主なポイント:
- FDAの医薬品審査を1年短縮すれば、10兆ドルの経済価値が創出される可能性がある。
- 報告書によると、承認プロセスの大部分は安全性試験ではなく有効性試験に費やされている。
- 中国の迅速な臨床試験制度は、米国からの医薬品開発投資を誘引する脅威となっている。
主なポイント:

FDAの医薬品承認期間を1年短縮することで、10兆ドル超の経済価値が創出される可能性がある——。市場原理主義の政策団体Unleash Prosperityが発表した新たな報告書は、数十年単位で最も抜本的なFDAの規制改革を求めている。
FDAの医薬品審査プロセスからわずか12カ月を削減することで、患者の新規治療へのアクセスを加速させると同時に、10兆ドル超の経済価値が解放されると、同報告書は結論づけた。
「FDAの承認プロセスは開始から終了まで約10年を要するが、その大半は安全性ではなく有効性試験に費やされている」と、元ホワイトハウス経済諮問委員会代理委員長で報告書の著者であるトーマス・フィリプソン氏は述べた。
「FDA改革における数兆ドル規模の機会」と題された同報告書は、安全性確認後の長期にわたる有効性審査が承認プロセスの大部分を占めていると指摘。フィリプソン氏は、安全性と有効性の双方を検証するFDAの使命——世界の規制当局の中でも異例の二重の役割——が構造的な遅延を生み出し、医薬品開発パイプライン全体に波及していると指摘する。分析によれば、承認プロセスを1年から6年加速させることで、早期の患者アクセスと強力な革新インセンティブを通じて、数兆ドルの経済価値が創出されると試算されている。
この調査結果は、米国よりも迅速かつ低コストな中国の臨床試験システムが、医薬品開発投資の海外流出を促進する脅威として浮上する中で発表された。フィリプソン氏はホワイトハウスに対し、「ワープ・スピード作戦」に類似した取り組みを推進するよう要請。その緊急性は新型コロナウイルス感染症にとどまらず、他の疾患を抱える患者にも及ぶと主張した。「大統領には、新型コロナウイルス感染症の際に実施したワープ・スピード作戦と同様の取り組みを推進する大きな役割がある。それは、コロナ以外の疾患を抱える他の患者グループにとっても同様に緊急の課題だ」と述べた。
報告書が試算する10兆ドルの評価額は、早期の治療アクセスによる消費者余剰と、開発コスト削減および特許有効期間の延長による生産者余剰の双方を反映している。IQVIAのデータによると、2025年の米国医薬品市場の年間収益は約6000億ドルであり、試算された価値増加は現在の業界収益の15年分超に相当する。
FDAの有効性審査義務に scrutinize
他のほとんどの規制当局とは異なり、FDAは議会から安全性と有効性の両方を評価するよう義務付けられている。
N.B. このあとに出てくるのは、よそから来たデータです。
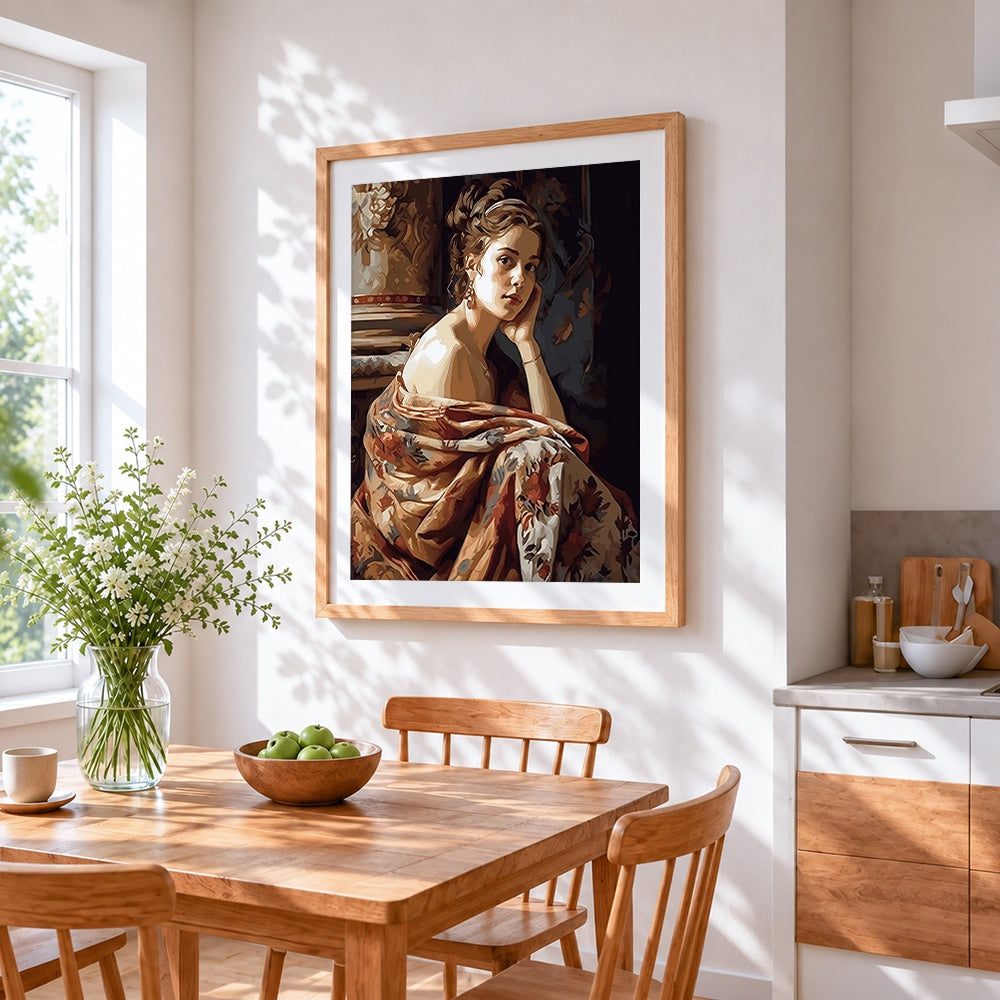 Woman in floral wrap cross stitch artwork displayed on wall as home decor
この二重の使命が不要な摩擦を生み出しているとフィリプソン氏は主張する。「政府が安全性と消費者保護を確保する役割は認識されているが、FDAが有効性を確保するという役割は異例だ」と述べた。
報告書は3つの構造改革を提案している。医薬品審査における人工知能(AI)の活用拡大、より迅速な臨床試験デザイン、そして臨床試験以外で実験的治療へのアクセスを可能にする「権利試行」プログラムへの幅広いアクセスである。中国からの競争圧力が緊急性を高めている。同国の臨床試験インフラは急速に成熟しており、患者募集コストの低さと登録期間の短さから、世界中の医薬品開発企業にとってますます魅力的な目的地となっている。
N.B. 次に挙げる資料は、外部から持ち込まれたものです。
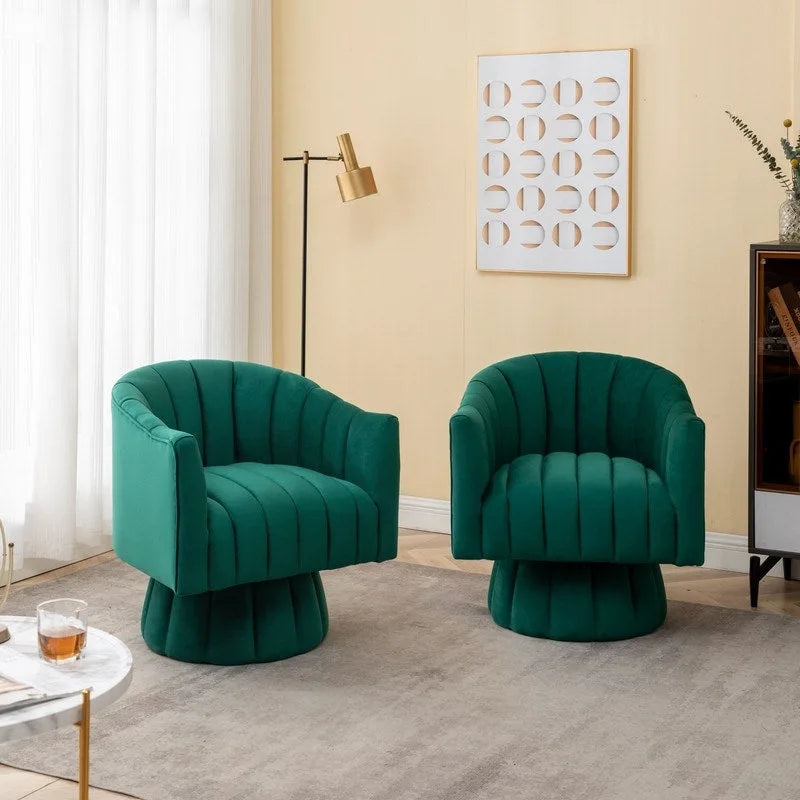 360-Degree Swivel Leisure Barrel Chair (Set of 2)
承認プロセスの迅速化は、市場競争の促進により処方薬コストの低下にもつながるとフィリプソン氏は述べた。医薬品がより早期に患者に届けば、先発品の市場独占期間は短縮され、後発品の競合他社がより迅速に参入する。このダイナミクスは、政府の直接介入なしに価格を引き下げる可能性がある。
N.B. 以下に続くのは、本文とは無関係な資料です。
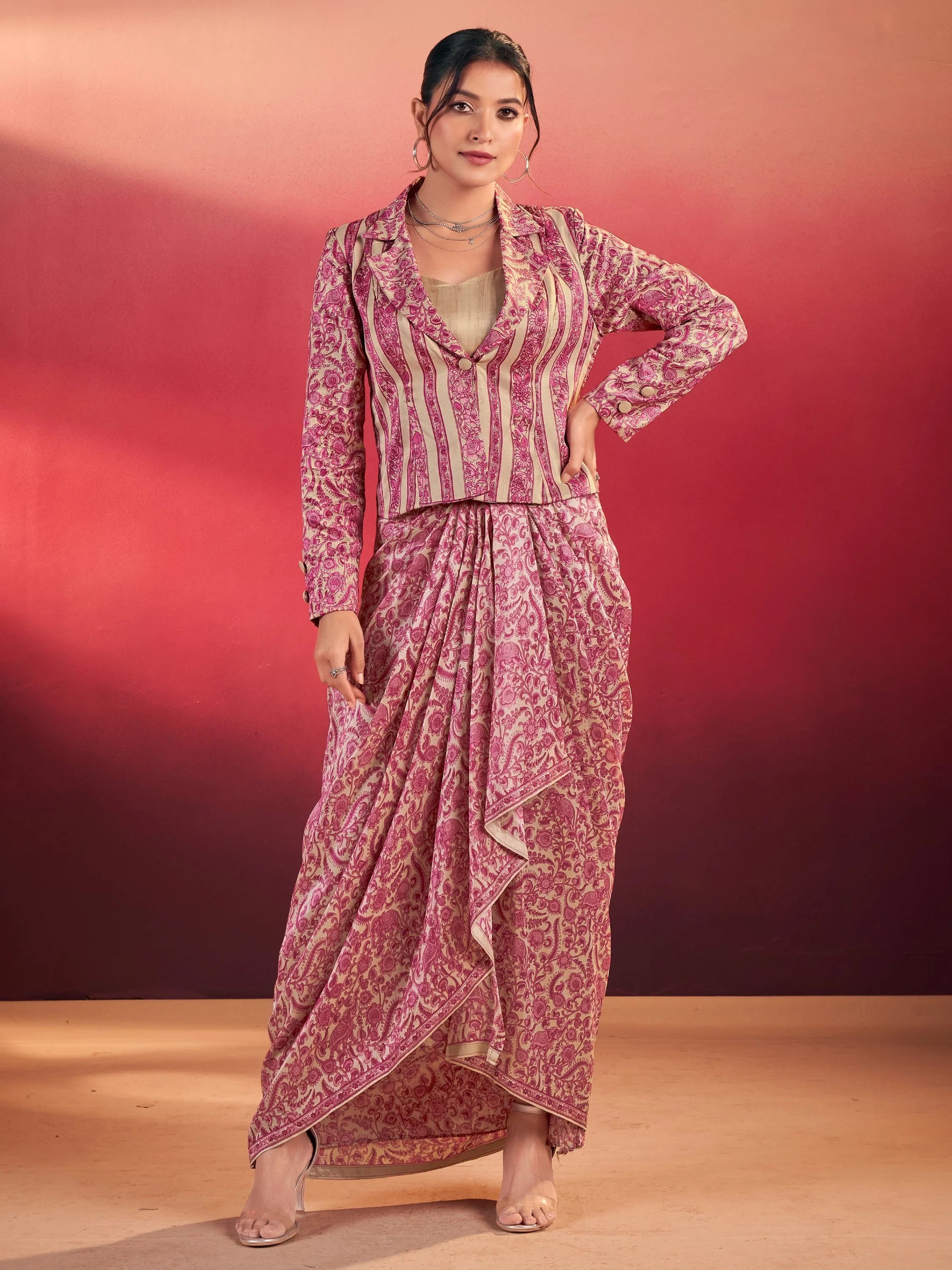 Lovely Rani Pink Wedding Wear Crop Top With Drape Lehenga And Jacket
報告書の提言は、トランプ政権下で新型コロナウイルスワクチンの開発期間を1年未満に圧縮した「ワープ・スピード作戦」の要素を反映している。フィリプソン氏は、同じ緊急性が他の治療領域にも当てはまると主張する一方、パンデミック以外の医薬品に対してワープ・スピード作戦のような緊急承認枠組みを再現するには立法措置が必要だと認めた。
本記事は情報提供のみを目的としており、投資助言を構成するものではない。